He described how most British PC makers import their steel chassis from China, which therefore pushes up their CO2 footprint. “In perspective, a normal tower chassis contains up to 4 kilograms of steel, which means that it has taken 40 kilograms of carbon emission to produce. Our small form factor chassis has 800 grams of aluminium, and took only 1.6 kgs of CO2 was produced to make it.”
“We are fully offsetting the carbon used to create our machines,” he added.
Hopton also described how VeryPC was able to “cherry pick” energy efficient components. “Our power supplies are made to our specifications, and coupled with our PecoBOO power management software, which uses face detection technology (via the webcam) to determine if someone is sitting at the computer and needs to use to the display, means our quad core is most energy efficient machine on the planet, according to Energy Star agency.”

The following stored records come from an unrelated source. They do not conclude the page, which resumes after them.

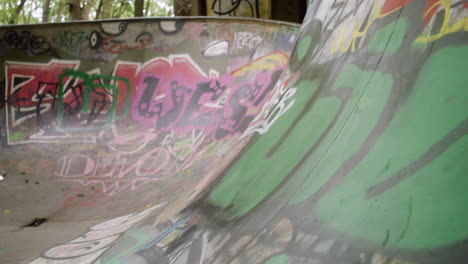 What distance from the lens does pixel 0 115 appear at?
851 cm

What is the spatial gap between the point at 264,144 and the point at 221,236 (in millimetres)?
1116

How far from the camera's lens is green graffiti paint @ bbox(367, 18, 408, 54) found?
2.30 metres

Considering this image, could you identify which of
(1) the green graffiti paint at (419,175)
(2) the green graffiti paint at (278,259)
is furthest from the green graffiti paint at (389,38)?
(2) the green graffiti paint at (278,259)

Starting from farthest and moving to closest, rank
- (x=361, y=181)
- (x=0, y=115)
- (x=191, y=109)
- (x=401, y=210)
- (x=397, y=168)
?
(x=0, y=115)
(x=191, y=109)
(x=361, y=181)
(x=397, y=168)
(x=401, y=210)

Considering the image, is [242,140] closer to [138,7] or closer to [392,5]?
[392,5]

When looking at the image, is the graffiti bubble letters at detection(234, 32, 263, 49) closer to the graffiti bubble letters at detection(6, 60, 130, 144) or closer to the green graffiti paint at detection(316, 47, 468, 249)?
the graffiti bubble letters at detection(6, 60, 130, 144)

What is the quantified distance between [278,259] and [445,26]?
1.40 metres

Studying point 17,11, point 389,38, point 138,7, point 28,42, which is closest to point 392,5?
point 389,38

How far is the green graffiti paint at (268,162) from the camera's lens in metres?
2.74

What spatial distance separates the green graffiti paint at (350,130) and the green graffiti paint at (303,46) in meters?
1.66

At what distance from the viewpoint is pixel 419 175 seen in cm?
164

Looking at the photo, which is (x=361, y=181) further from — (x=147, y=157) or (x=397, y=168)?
(x=147, y=157)

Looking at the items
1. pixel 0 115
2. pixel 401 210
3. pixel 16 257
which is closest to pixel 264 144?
pixel 401 210

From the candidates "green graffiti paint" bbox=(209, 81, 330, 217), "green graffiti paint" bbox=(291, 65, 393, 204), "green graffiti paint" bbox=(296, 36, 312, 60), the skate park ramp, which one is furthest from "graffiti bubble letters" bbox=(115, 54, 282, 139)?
"green graffiti paint" bbox=(291, 65, 393, 204) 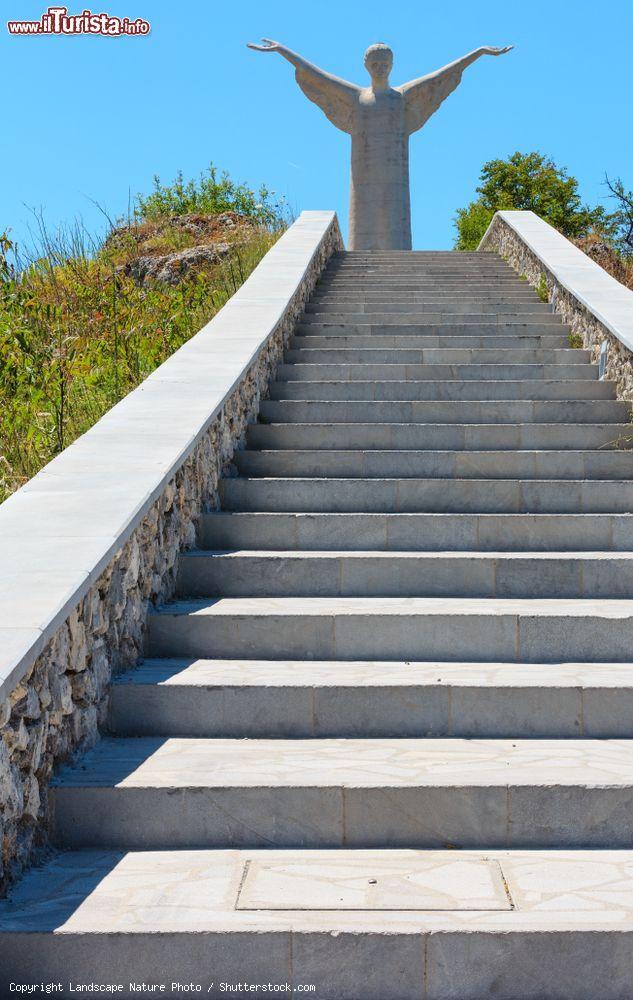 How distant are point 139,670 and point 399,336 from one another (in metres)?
5.24

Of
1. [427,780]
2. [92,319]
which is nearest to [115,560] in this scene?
[427,780]

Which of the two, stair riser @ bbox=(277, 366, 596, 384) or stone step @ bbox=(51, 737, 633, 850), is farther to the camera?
stair riser @ bbox=(277, 366, 596, 384)

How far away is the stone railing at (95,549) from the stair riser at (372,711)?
0.24 metres

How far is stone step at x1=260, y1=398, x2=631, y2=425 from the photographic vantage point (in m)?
7.45

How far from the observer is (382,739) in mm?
4234

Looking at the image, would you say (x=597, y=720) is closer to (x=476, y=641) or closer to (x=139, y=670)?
(x=476, y=641)

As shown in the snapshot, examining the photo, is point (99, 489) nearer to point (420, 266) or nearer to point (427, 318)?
point (427, 318)

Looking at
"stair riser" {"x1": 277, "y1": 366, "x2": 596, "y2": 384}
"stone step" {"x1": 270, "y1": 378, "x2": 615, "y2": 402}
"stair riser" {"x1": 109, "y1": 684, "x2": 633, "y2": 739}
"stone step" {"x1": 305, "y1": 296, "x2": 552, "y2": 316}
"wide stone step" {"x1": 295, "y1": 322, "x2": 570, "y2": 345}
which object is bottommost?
"stair riser" {"x1": 109, "y1": 684, "x2": 633, "y2": 739}

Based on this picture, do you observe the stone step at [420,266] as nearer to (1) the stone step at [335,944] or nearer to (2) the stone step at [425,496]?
(2) the stone step at [425,496]

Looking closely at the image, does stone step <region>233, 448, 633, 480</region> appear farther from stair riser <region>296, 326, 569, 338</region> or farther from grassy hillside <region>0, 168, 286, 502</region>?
stair riser <region>296, 326, 569, 338</region>

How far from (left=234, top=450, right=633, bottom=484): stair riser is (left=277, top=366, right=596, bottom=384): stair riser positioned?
162cm

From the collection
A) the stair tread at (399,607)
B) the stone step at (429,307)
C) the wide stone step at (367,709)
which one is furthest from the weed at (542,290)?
the wide stone step at (367,709)

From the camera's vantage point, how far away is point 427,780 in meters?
3.71

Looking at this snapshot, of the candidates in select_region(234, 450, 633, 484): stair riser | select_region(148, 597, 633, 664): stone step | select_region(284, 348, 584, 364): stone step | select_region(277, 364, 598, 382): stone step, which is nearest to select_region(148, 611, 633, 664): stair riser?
select_region(148, 597, 633, 664): stone step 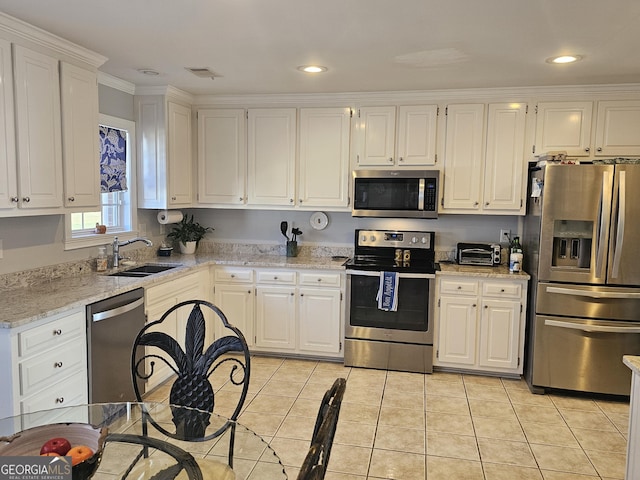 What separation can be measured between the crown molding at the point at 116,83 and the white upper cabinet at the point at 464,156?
2676 mm

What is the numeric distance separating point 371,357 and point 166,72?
2.83m

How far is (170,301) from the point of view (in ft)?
12.4

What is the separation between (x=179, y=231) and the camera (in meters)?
4.76

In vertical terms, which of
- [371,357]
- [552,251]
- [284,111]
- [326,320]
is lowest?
[371,357]

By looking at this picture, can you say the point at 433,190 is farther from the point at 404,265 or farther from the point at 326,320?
the point at 326,320

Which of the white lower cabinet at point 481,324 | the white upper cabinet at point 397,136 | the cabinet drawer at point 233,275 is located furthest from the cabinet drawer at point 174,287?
the white lower cabinet at point 481,324

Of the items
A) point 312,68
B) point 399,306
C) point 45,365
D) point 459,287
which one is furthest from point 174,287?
point 459,287

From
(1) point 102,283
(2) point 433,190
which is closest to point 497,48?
(2) point 433,190

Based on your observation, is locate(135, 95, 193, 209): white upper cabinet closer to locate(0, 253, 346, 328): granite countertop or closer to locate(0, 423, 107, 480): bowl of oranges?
locate(0, 253, 346, 328): granite countertop

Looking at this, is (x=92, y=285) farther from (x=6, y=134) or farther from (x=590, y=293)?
(x=590, y=293)

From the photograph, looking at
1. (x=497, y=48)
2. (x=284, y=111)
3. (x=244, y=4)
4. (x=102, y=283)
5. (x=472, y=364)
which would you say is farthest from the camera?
(x=284, y=111)

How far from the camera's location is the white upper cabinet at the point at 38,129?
268 centimetres

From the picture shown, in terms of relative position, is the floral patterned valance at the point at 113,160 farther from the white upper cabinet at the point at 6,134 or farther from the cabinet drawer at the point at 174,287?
the white upper cabinet at the point at 6,134

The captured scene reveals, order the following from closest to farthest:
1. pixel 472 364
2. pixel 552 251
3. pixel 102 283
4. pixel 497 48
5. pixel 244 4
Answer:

The chassis also contains an anodised aluminium front panel can be laser etched at the manufacturing stage to bear an institution’s crest or a corporate logo. It can also be fitted with an optional VESA mounting bracket, allowing the computer to be easily fixed to a wall, under a desk, or behind a monitor.
“This will be the first machine not sold direct by VeryPC, and is the start of our move to the channel model,” he said. “It will initially target the government and eduction sectors initially.” Pricing for the entry level machine is £449 for dual core, while the quad core machine comes in at £649.